• Chris O'Byrne

The Elbow in the Fly Cast, 1

Updated: Aug 2, 2019

A Different Thought

“It’s in the wrist.” “Just like answering a phone.” “Hammer a nail.” And so on and so forth.

As a new fly angler, you will hear advice that is potentially confusing, and often focused on the hand. But you don’t have to look at your hand all the time. Try turning your thoughts to the simple movements of the elbow (of the arm which is casting the rod.) This will promote correct movements in the rest of your body.

You will come to realize that there is not one proper way to cast. Similarly, there is not one proper movement of the elbow for all casts. But at various stages of your development, including when you learn specialty casts, your elbow should move in specific directions. So, making the movement of the elbow a cast thought may help you learn.

One of the misconceptions you might have is that you must hold the fly line off the water. Without knowing it, many new casters lift their elbow as high as their shoulder. They often tell me that their shoulder is tired or sore. But, your fly rod has been engineered to keep the line in the air and cast it out, you don’t need to hold it up. So lower your elbow and relax. Maintaining this posture is a small leap of faith, I understand, but it will work. An old-time training activity is to false cast while you hold something like a hat or magazine between your upper arm and side. If you move your elbow up, it will fall. While this is an awkward activity, holding tight to the object will teach your muscles to keep the elbow in a good position.

As a beginner you might be struggling with another common habit, overuse of the wrist joint. But focusing attention on keeping your wrist straight might compound the problem. One way to move forward in developing a crisp stop and tight loop is to move your elbow backward and forward on a straight line. Lefty Kreh, a hero of fly fishing, regularly mentioned the elbow in his teaching. His phrase to encourage this movement was put your elbow “on a shelf.” While you are casting, imagine yourself near a familiar book shelf, then slide your elbow on that straight line. This will help to move the tip of the rod straight back and forth, a key to good loops.

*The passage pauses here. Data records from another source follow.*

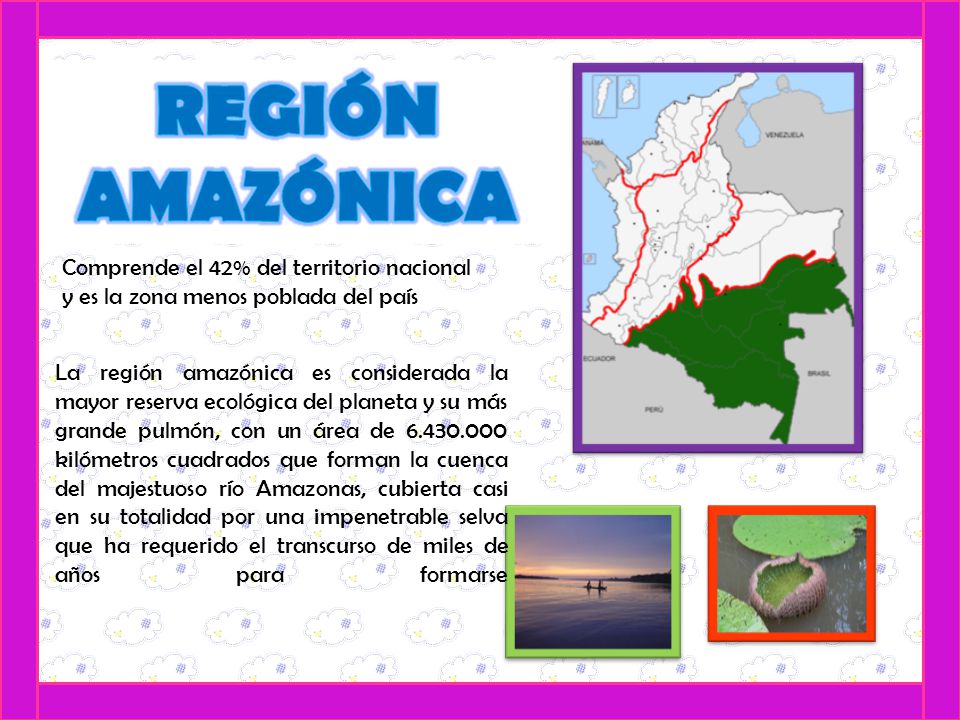 REGIÓN AMAZÓNICA Comprende el 42% del territorio nacional y es la zona menos poblada del país.
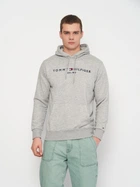 Худи мужское Tommy Hilfiger 11262.5 L (48) Серое (2000000004952)
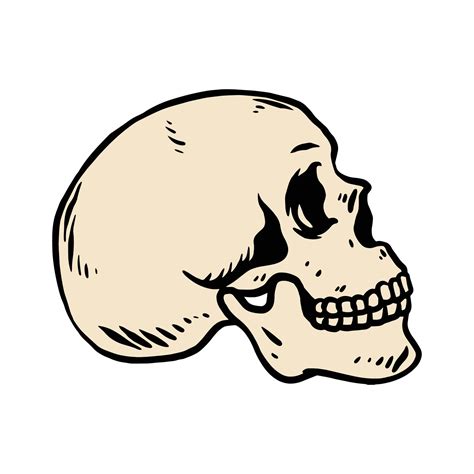 Skull Head Vector Art Illustration Isolated On White Background 27958690 Vector Art At Vecteezy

Other new casters implement the normal athletic technique of a follow through. This power killing beginner’s habit shows in a posture with the elbow reaching out toward the target. If you have the feeling of a follow through after your forward cast, you might be reducing the power you’ve generated on the back cast. While moving your elbow forward on that shelf, stop it farther back, nearer the center line of your torso. The power you’ve generated in the bent rod will unload and flick the fly line toward your target.

Casting a fly rod is fun. And it will become a simple part of catching fish. There are many ways to improve your casting, consider putting your thoughts on your elbow.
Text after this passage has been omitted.